VMware vSphere® virtual machine encryption (VM encryption) is a feature introduced in vSphere 6.5 to enable the encryption of virtual machines. VM encryption provides security to VMDK data by encrypting I/Os from a virtual machine (which has the VM encryption feature enabled) before it gets stored in the VMDK. In this paper, we quantify the impact of using VM encryption on a VM’s I/O performance as well as on some of the VM provisioning operations like VM clone, power-on, and snapshot creation. We show that while VM encryption can lead to bottlenecks in I/O throughput and latency for ultra-high-performance devices (like a high-end NVMe drive) that can support hundreds of thousands of IOPS, for most regular types of storage, like enterprise class SSD or VMware vSAN™, the impact on I/O performance is very minimal.

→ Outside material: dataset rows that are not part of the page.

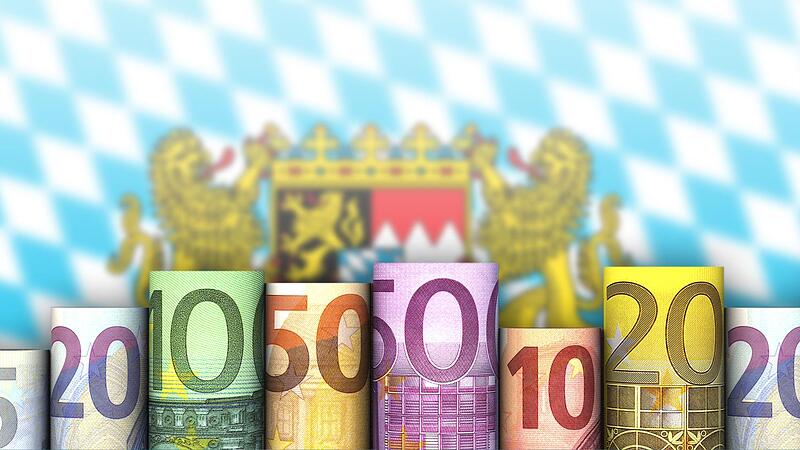 Die Unterstützung des Freistaats für Bad Brückenau über die Stabihilfe bleibt 2023 aus.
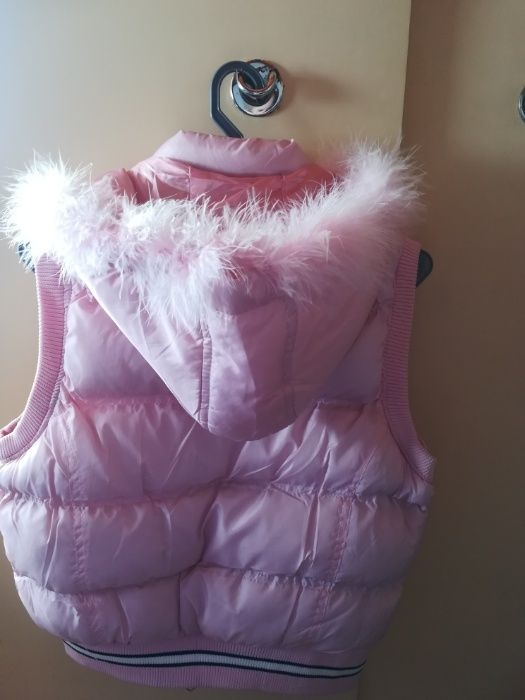 kispo. Colete impermeável de Inverno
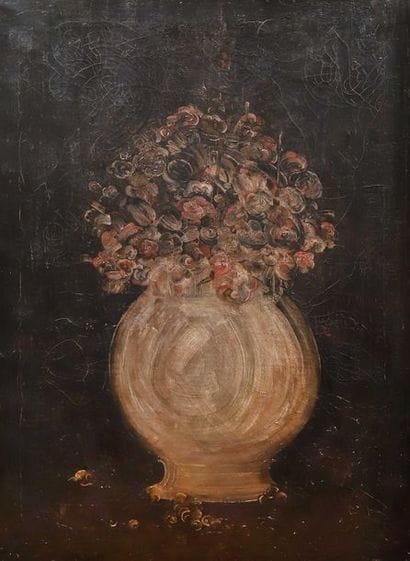 Charles MATTON (1931 - 2008)

La fleur des...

VM encryption supports the encryption of virtual machine files, virtual disk files, and core dump files. Some of the files associated with a virtual machine like log files, VM configuration files, and virtual disk descriptor files are not encrypted. This is because they mostly contain non-sensitive data and operations like disk management should be supported whether or not the underlying disk files are secured. VM encryption uses vSphere APIs for I/O filtering (VAIO), henceforth referred to as IOFilter.
IOFilter is an ESXi framework that allows the interception of VM I/Os in the virtual SCSI emulation (VSCSI) layer. On a high level, the VSCSI layer can be thought of as the layer in ESXi just below the VM and above the VMFS file system. The IOFilter framework enables developers, both VMware and third party vendors, to write filters to implement more services using VM I/Os like encryption, caching, and replication. This framework is implemented entirely in user space. This allows the VM I/Os to be isolated cleanly from the core architecture of ESXi, thereby eliminating any potential issues to the core functionality of the hypervisor. In case of any failure, only the VM in question would be affected. There can be multiple filters enabled for a particular VM or a VMDK, and these filters are typically chained in a manner shown below, so that I/Os are processed by each of these filters serially, one after the other, and then finally either passed down to VMFS or completed within one of the filters. This is illustrated in Figure 1.
VM Encryption Overview
The primary purpose of VM encryption is to secure the data in VMDKs, such that when the VMDK data is accessed by any unauthorized entity, it gets only meaningless data. The VM that legitimately owns the VMDK has the necessary key to decrypt the data whenever read and then fed to the guest operating system. This is done using industry-standard encryption algorithms to secure this traffic with minimal overhead.
While VM encryption does not impose any new hardware requirements, using a processor that supports the AES-NI instruction set would speed up the encryption/decryption operation. In order to quantify the performance expectations on a traditional server without an AES-NI enabled processor, the results in this paper are from slightly older servers that do not support the AES-NI instruction set.
Figure 2 shows the various components involved as part of the VM encryption mechanism. It consists of an external key management server (KMS), the vCenter Server system, and an ESXi host or hosts. vCenter Server requests keys from an external KMS, which generates and stores the keys and passes them down to vCenter Server for distribution. An important aspect to note is that there is no “per-block hashing” for the virtual disk.
This means, VM encryption provides data protection against snooping and not against data corruption since there is no hash for detecting corruption and recovering from it. For more security, the encryption takes into account not only the encryption key, but also the block’s address. This means two blocks of a VMDK with the same content encrypt to different data.
To visualize the mechanism of encryption (and decryption), we need to look at how the various elements in the security policy are laid out topologically. The KMS is the central server in this security-enabled landscape. Figure 3 shows a simplified topology.
The KMS is a secure centralized repository of cryptographic keys. There can be more than one KMS configured with a vCenter Server. However, they need to be configured such that only KMSs that replicate keys between themselves (usually from the same vendor) should be added to the same KMS cluster. Otherwise each KMS should be added under a different KMS cluster. One of the KMS clusters must be designated as the default in vCenter Server. Only Key Management Interoperability Protocol (KMIP) v1.1 compliant KMSs are supported and vCenter Server is the client of KMS. Using KMIP enables vCenter Server to talk to any KMIP compliant KMS vendor. Before transacting with the KMS, vCenter Server must establish a trust connection with it, which needs to be done manually.